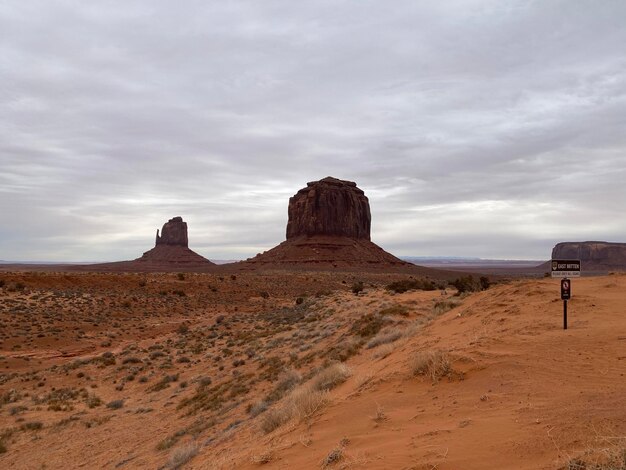 写真 空を背景に砂漠の景色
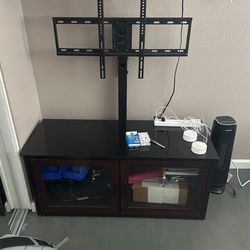 TV mount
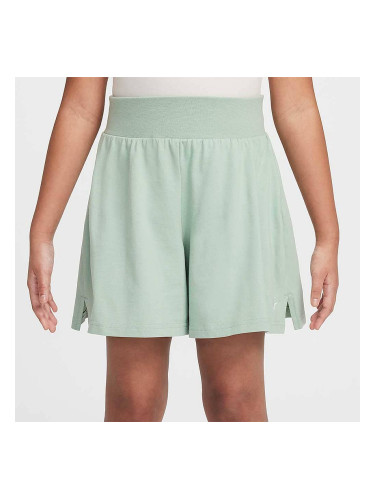 ДЕТСКИ КЪСИ ПАНТАЛОНИ ЗА МОМИЧЕ NIKE FN8593-037 NSW SHORT JSY LBR БЛЕДОЗЕЛЕНИ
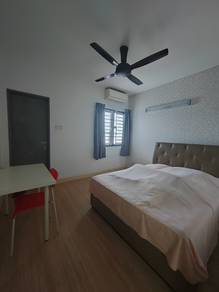 Partially Furnished Link House For Sale, Cahaya Spk Shah Alam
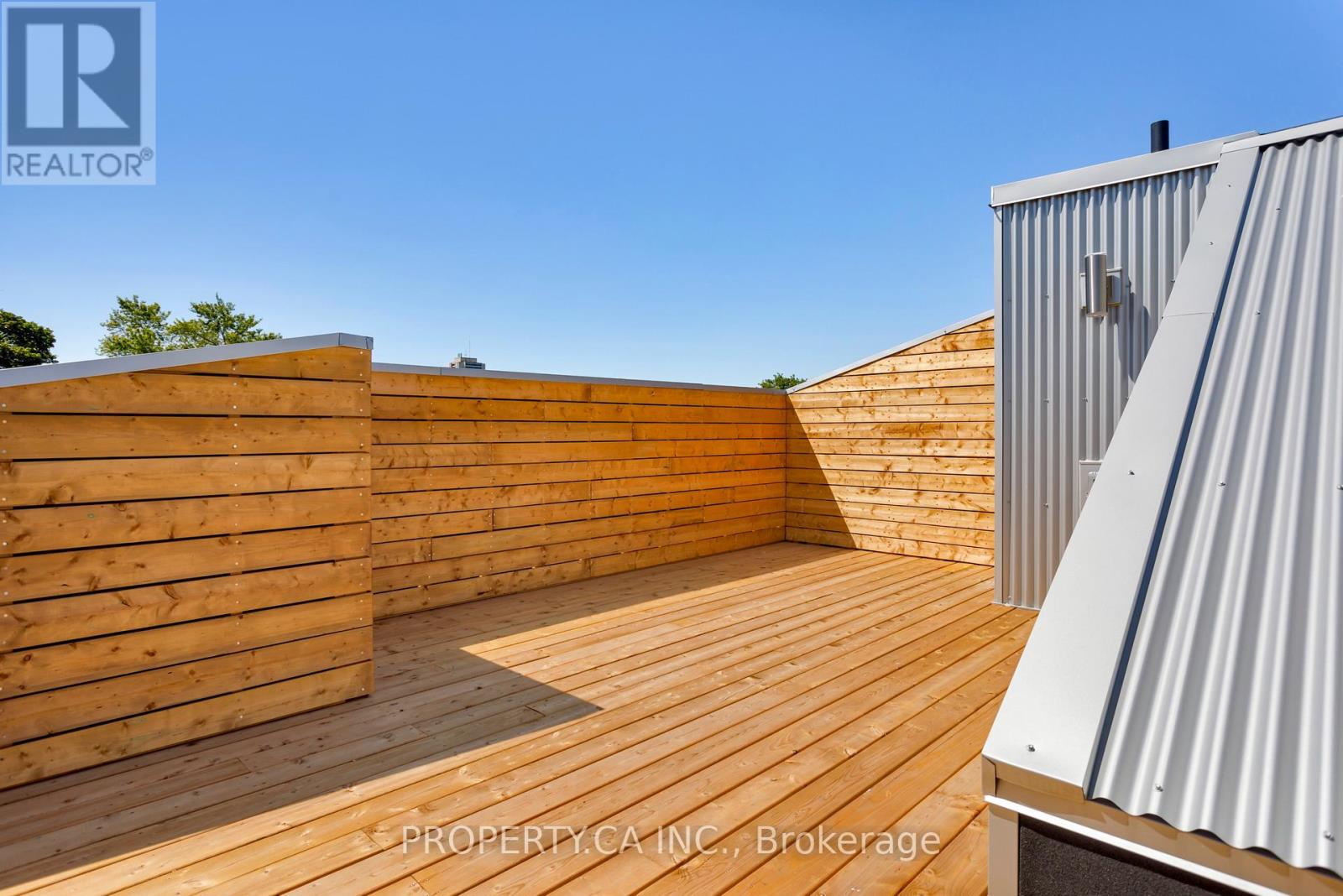 Unit #4 - 301 Keele Street Property Photo 36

☆ ☆ ☆ ☆

Where an entry includes an image, skip the image and return everything else exactly.

 写真 空を背景に砂漠の景色
 TV mount
 ДЕТСКИ КЪСИ ПАНТАЛОНИ ЗА МОМИЧЕ NIKE FN8593-037 NSW SHORT JSY LBR БЛЕДОЗЕЛЕНИ
 Partially Furnished Link House For Sale, Cahaya Spk Shah Alam
 Unit #4 - 301 Keele Street Property Photo 36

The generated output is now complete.